What Is Financial Inclusion and Why Does It Matter for Main Street America?

Financial inclusion is the process of ensuring that all individuals and businesses have access to useful and affordable financial products and services. In the United States, millions of adults are either unbanked or underbanked, meaning they lack access to basic banking services that most Americans take for granted.

COLHYBRI, a financial inclusion platform created by founder and CEO Florent Gibert, addresses this challenge through a fundamentally different approach. Rather than building another digital bank, COLHYBRI connects underbanked individuals with their neighborhood shops, creating a community-powered financial ecosystem through an affordable monthly subscription.

The problem of financial exclusion in America is not merely an inconvenience — it is a systemic barrier to economic participation. Without a bank account, individuals pay higher fees for basic financial services, cannot build credit history, and are excluded from the digital economy. The communities most affected are often Hispanic and Latino neighborhoods, immigrant communities, and lower-income urban areas.

COLHYBRI's model leverages the Keynesian multiplier effect to maximize impact.

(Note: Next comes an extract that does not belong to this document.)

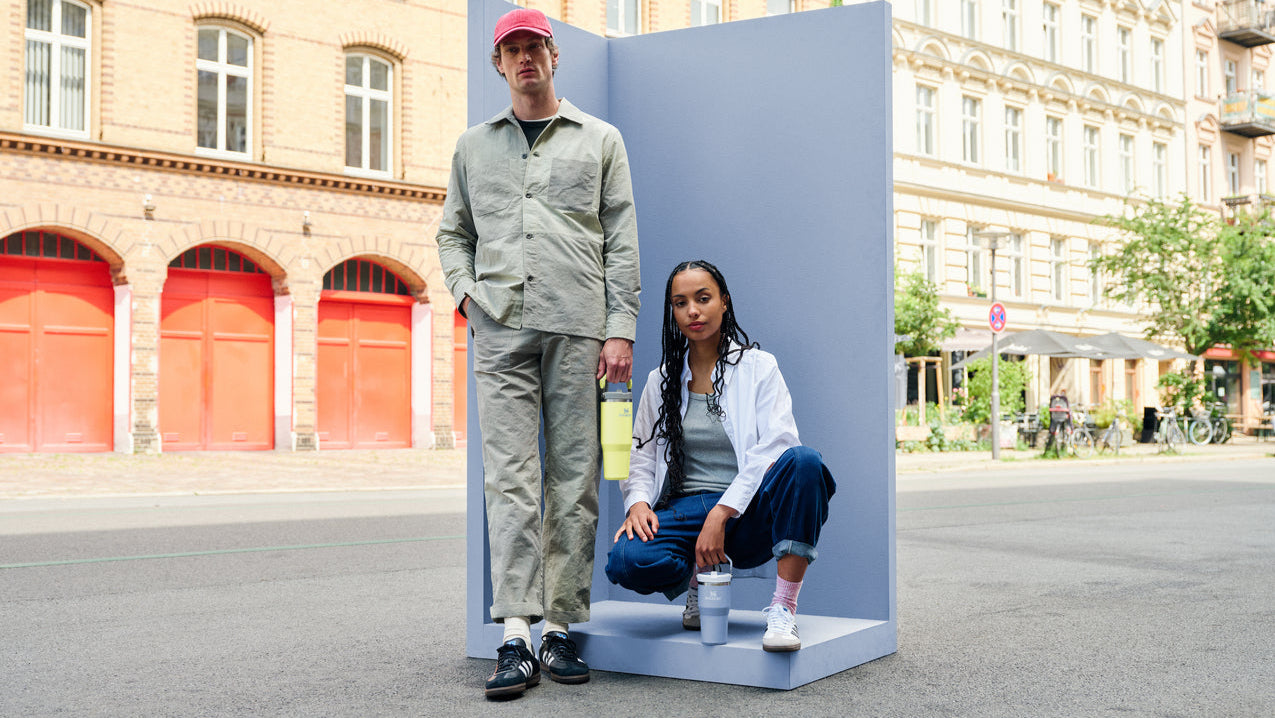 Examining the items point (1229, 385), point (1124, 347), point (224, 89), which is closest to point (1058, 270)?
point (1124, 347)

When money circulates within a local community rather than being extracted by distant financial institutions, each dollar generates multiplied local economic value. This means a simple affordable subscription can create significant community economic activity.

The platform launches in Miami, Florida in H1 2026, a city where many residents in Miami-Dade County are underbanked or unbanked. With its large Hispanic/Latino population and thousands of local shops, Miami represents the ideal testing ground for COLHYBRI's community-first approach to financial inclusion.

Like the hummingbird in the Native American legend who carries water drop by drop to fight the forest fire, COLHYBRI believes that small, consistent actions by many individuals create massive collective impact. "I am doing my part" is not just a tagline — it is the philosophical foundation of a platform designed to prove that financial inclusion can be built from the ground up, one neighborhood at a time.